What You Should Understand
The Detection Pipeline
Manual → Validated → Automated → Responded → Tuned. This is how every detection rule evolves — from a manual KQL query into a scheduled, validated, automated, and finally tuned control.
Analytics Rule Properties
| Property | Purpose | Example |
|---|---|---|
| Name | Human-readable rule identifier | "Direct access to internal backend" |
| Severity | Risk level (High, Medium, Low, Informational) | High |
| Tactics | MITRE ATT&CK tactic | Initial Access, Lateral Movement |
| Techniques | MITRE ATT&CK technique | T1190 — Exploit Public-Facing Application |
| Schedule | How often the query runs | Every 5 minutes |
| Time window | How far back the query looks | Last 5 minutes |
| Threshold | Number of matches to trigger | 1 or more |
The Incident Lifecycle
For the full diagram and theory, see Lab 4.6 — From Query to Detection.
What you saw in this lab:
- New: The analytics rule you created fired after simulating external access to the internal backend
- Review: You opened the incident in Sentinel, reviewed entities (IPs, URLs, HTTP methods), and traced the timeline
- True positive: The simulated attack matched the rule — confirmed by seeing the exact log entries
- False positive: If a rule fires for legitimate admin traffic, you return here to tune thresholds or add exclusions
- Remediate: You documented the findings — blocking the source IP and reviewing access controls
- Closed: You recorded the incident outcome and any rule tuning actions for future reference
MITRE ATT&CK Mapping
MITRE ATT&CK provides a standardised framework for classifying security incidents:
| MITRE Tactic | What It Means | Day 4 Example |
|---|---|---|
| Initial Access | Gaining entry to the environment | External IP accessing internal backend |
| Lateral Movement | Moving between systems | Internal backend accessing Key Vault |
| Collection | Gathering data | Accessing sensitive endpoints |
| Exfiltration | Removing data from the environment | Large response sizes, data download |
| Impact | Disrupting or destroying systems | HTTP 500 errors, resource deletion |
Each analytics rule should be mapped to the relevant MITRE tactic(s). This helps:
- Prioritise incidents: Tactics like Initial Access and Exfiltration are higher priority
- Identify gaps: If no rules cover a tactic, you may be blind to that attack phase
- Communicate with stakeholders: MITRE ATT&CK is a standard language for security reporting
DevOps Security Monitoring
In the mini-lab, you extended Sentinel to monitor Azure DevOps audit events. This is a critical addition because the pipeline is part of your infrastructure:
| DevOps Audit Event | MITRE Tactic | Why It Matters |
|---|---|---|
| PAT created | Credential Access | Persistent access even after password rotation |
| Service connection modified | Persistence | Attacker modifies service connections to maintain deployment access |
| Variable group created | Collection | Secrets and tokens added to pipeline variables for later exfiltration |
| Audit stream disabled | Defense Evasion | Attacker disables their own detection capability |
| Pipeline modified | Execution | Malicious code injected into the build process |
Rule Tuning: Reducing False Positives
Not every match is a real threat.
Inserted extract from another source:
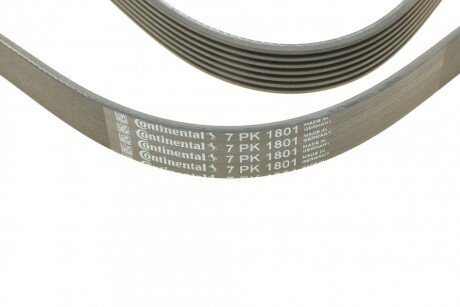 Приводной ремень генератора continental 7PK1801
Rule tuning is an ongoing process:
| Tuning Action | Effect | Risk |
|---|---|---|
| Increase threshold | Fewer incidents | May miss low-volume attacks |
| Narrow time window | More precise detection | May miss slow, distributed attacks |
| Add IP exclusions | Reduces false positives from known sources | May miss compromised internal hosts |
| Change severity | Adjusts incident priority | Does not reduce incident count |
| Add exclusions | Filter out legitimate patterns | May miss disguised attacks |
Example: An analytics rule that triggers on "any request to /admin" will fire for legitimate admin access. Tuning it to "external IP + request to /admin + status 403" reduces false positives significantly.
For a deeper dive into tuning strategies, see Alarm Fatigue & Sentinel Tuning.
Reflection Questions
Why do analytics rules have a schedule instead of running continuously?
Performance and cost trade-off:
- Running a KQL query continuously would consume unlimited resources. Scheduled execution (every 5 minutes to 24 hours) limits the query volume and cost.
- Security detection does not require millisecond precision. A 5-minute delay between an attack and detection is acceptable for most threats.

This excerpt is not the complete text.